:: Problem description ::
From the line containing "Women’s Zamora High" to the last line of the listing below, repeat every line exactly, and output nothing else.

:: Supplied records ::

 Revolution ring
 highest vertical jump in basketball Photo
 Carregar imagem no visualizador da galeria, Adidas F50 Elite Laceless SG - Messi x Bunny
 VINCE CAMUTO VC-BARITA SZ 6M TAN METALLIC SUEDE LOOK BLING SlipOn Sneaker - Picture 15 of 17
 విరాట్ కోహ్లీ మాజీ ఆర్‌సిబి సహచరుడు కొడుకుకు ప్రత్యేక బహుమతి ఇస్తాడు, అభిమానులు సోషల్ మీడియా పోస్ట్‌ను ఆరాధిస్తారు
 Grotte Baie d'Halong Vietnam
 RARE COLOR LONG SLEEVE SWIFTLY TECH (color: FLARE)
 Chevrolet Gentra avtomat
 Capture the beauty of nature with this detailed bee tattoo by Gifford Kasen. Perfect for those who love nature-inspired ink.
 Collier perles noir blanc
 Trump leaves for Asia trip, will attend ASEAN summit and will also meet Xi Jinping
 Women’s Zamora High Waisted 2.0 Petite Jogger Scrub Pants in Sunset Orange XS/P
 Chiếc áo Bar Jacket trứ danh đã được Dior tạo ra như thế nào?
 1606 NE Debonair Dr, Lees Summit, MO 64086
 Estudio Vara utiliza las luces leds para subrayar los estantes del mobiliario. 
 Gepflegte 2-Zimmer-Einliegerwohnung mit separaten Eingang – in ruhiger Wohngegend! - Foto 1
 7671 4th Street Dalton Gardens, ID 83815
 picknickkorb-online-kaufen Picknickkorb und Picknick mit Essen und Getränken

:: Output below ::
 Women’s Zamora High Waisted 2.0 Petite Jogger Scrub Pants in Sunset Orange XS/P
 Chiếc áo Bar Jacket trứ danh đã được Dior tạo ra như thế nào?
 1606 NE Debonair Dr, Lees Summit, MO 64086
 Estudio Vara utiliza las luces leds para subrayar los estantes del mobiliario. 
 Gepflegte 2-Zimmer-Einliegerwohnung mit separaten Eingang – in ruhiger Wohngegend! - Foto 1
 7671 4th Street Dalton Gardens, ID 83815
 picknickkorb-online-kaufen Picknickkorb und Picknick mit Essen und Getränken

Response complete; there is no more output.